CogACT: A Foundational Vision-Language-Action Model for Synergizing Cognition and Action in Robotic Manipulation
🚩Project Page | 📑Paper | 🤗Models
This is the code for CogACT: A Foundational Vision-Language-Action Model for Synergizing Cognition and Action in Robotic Manipulation.
- 🔥 [2024-12-23] Update new setions: Deployment in The Real World and Inference Speed.

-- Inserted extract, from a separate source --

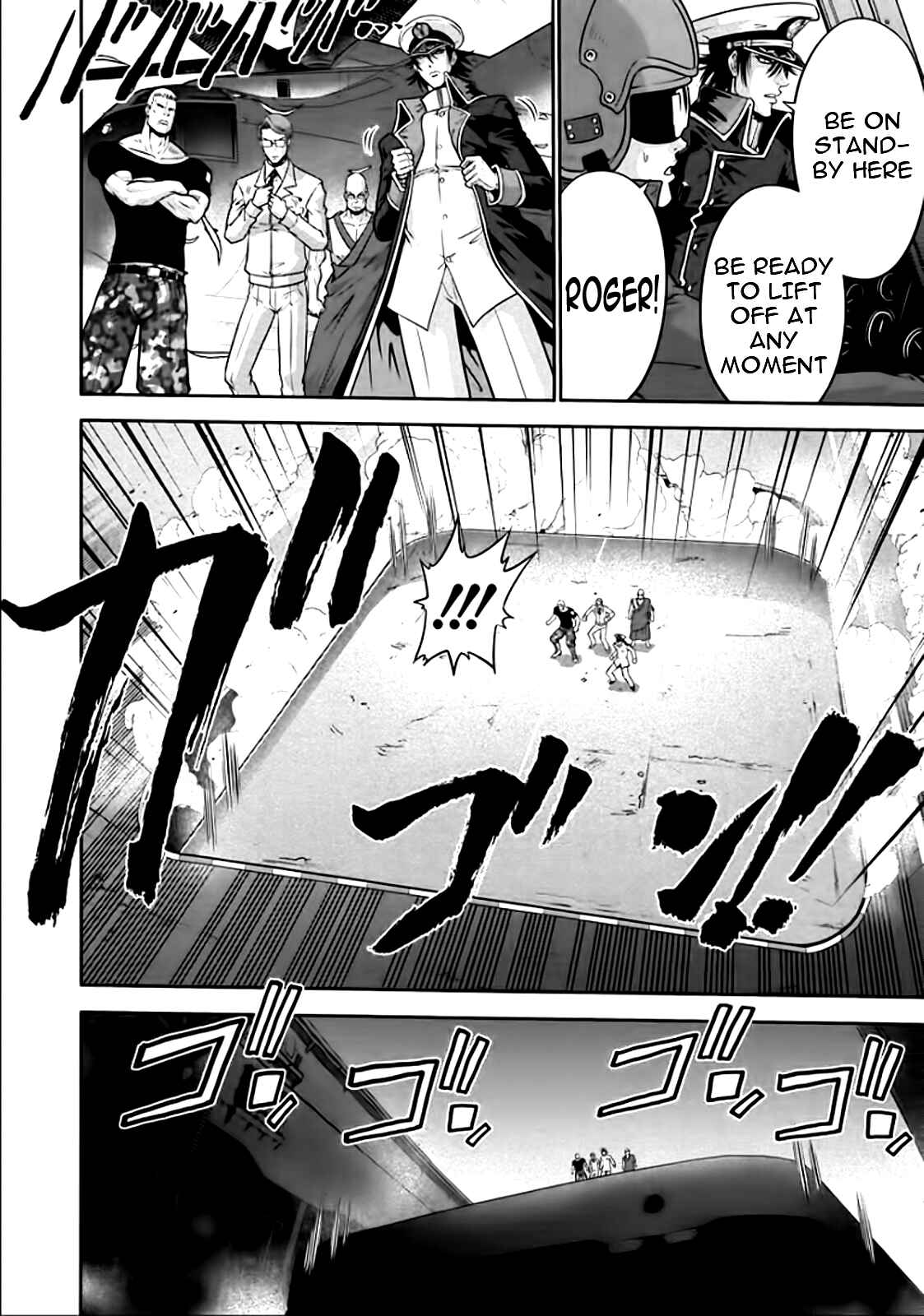 Page 11 Chapter 81 The Legend of Koizumi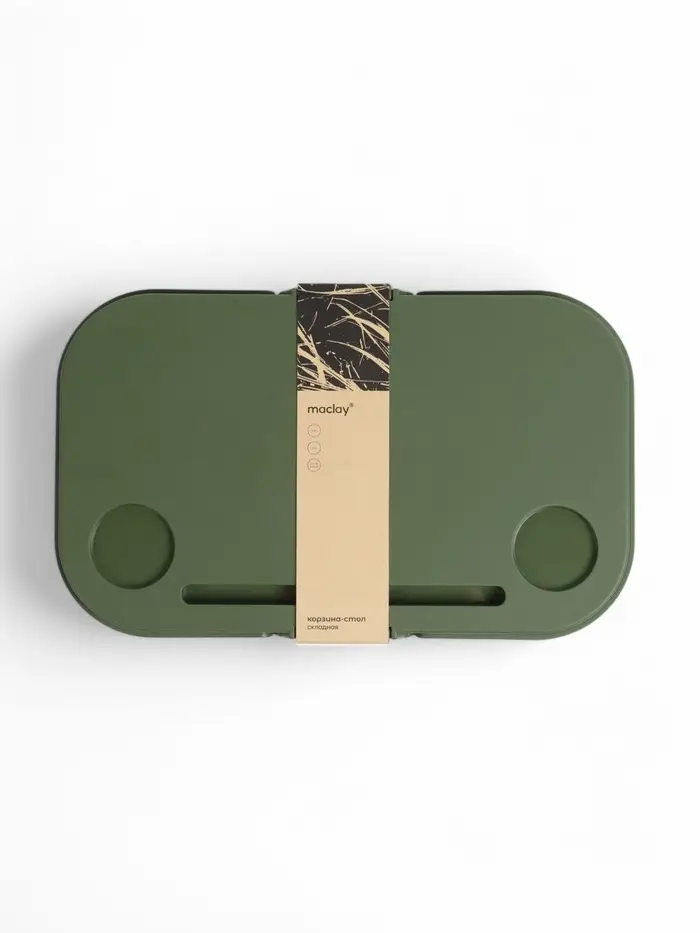 Корзина - столик maclay 2 в 1, складная, 47&times;28.5&times;23.5 см, зелёная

It demonstrates the advantage of our approach in inference speed.
- 🔥 [2024-12-01] Initial release.
- Installation
- Getting Started
- Fully Fine-Tuning
- Training CogACT from Scratch
- Evaluation in SIMPLER
- Deployment in The Real World
- Inference Speed
The code is built using Python 3.10, and can be run under any environment with Python 3.8 and above. We require PyTorch >= 2.2.0 and CUDA >= 12.0 (It may run with lower versions, but we have not tested it).
We recommend using Miniconda and setting up an environment:
conda create --name cogact python=3.10
Next, clone our repo and install the required packages:
git clone https://github.com/microsoft/CogACT
cd CogACT
pip install -e .
If you need to use the traning code, please also install the Flash Attention:
# Training additionally requires Flash-Attention 2 (https://github.com/Dao-AILab/flash-attention)
pip install packaging ninja
# Verify Ninja --> should return exit code "0"
ninja --version; echo $?
# Install Flash Attention 2
# =>> If you run into difficulty, try `pip cache remove flash_attn` first
pip install "flash-attn==2.5.5" --no-build-isolation
We release three CogACT models with different model sizes, including Small, Base and Large. Checkpoints, configs, and model cards are availabel on Hugging Face page. Refer to the code below for the minimal inference:
from PIL import Image
from vla import load_vla
import torch
model = load_vla(
'CogACT/CogACT-Base', # choose from [CogACT-Small, CogACT-Base, CogACT-Large] or the local path
load_for_training=False,
action_model_type='DiT-B', # choose from ['DiT-S', 'DiT-B', 'DiT-L'] to match the model weight
future_action_window_size=15,
)
# about 30G Memory in fp32;
# (Optional) use "model.vlm = model.vlm.to(torch.bfloat16)" to load vlm in bf16
model.to('cuda:0').eval()
image: Image.Image = <input_your_image>
prompt = "move sponge near apple" # input your prompt
# Predict Action (7-DoF; un-normalize for RT-1 google robot data, i.e., fractal20220817_data)
actions, _ = model.predict_action(
image,
prompt,
unnorm_key='fractal20220817_data', # input your unnorm_key of the dataset
cfg_scale = 1.5, # cfg from 1.5 to 7 also performs well
use_ddim = True, # use DDIM sampling
num_ddim_steps = 10, # number of steps for DDIM sampling
)
# results in 7-DoF actions of 16 steps with shape [16, 7]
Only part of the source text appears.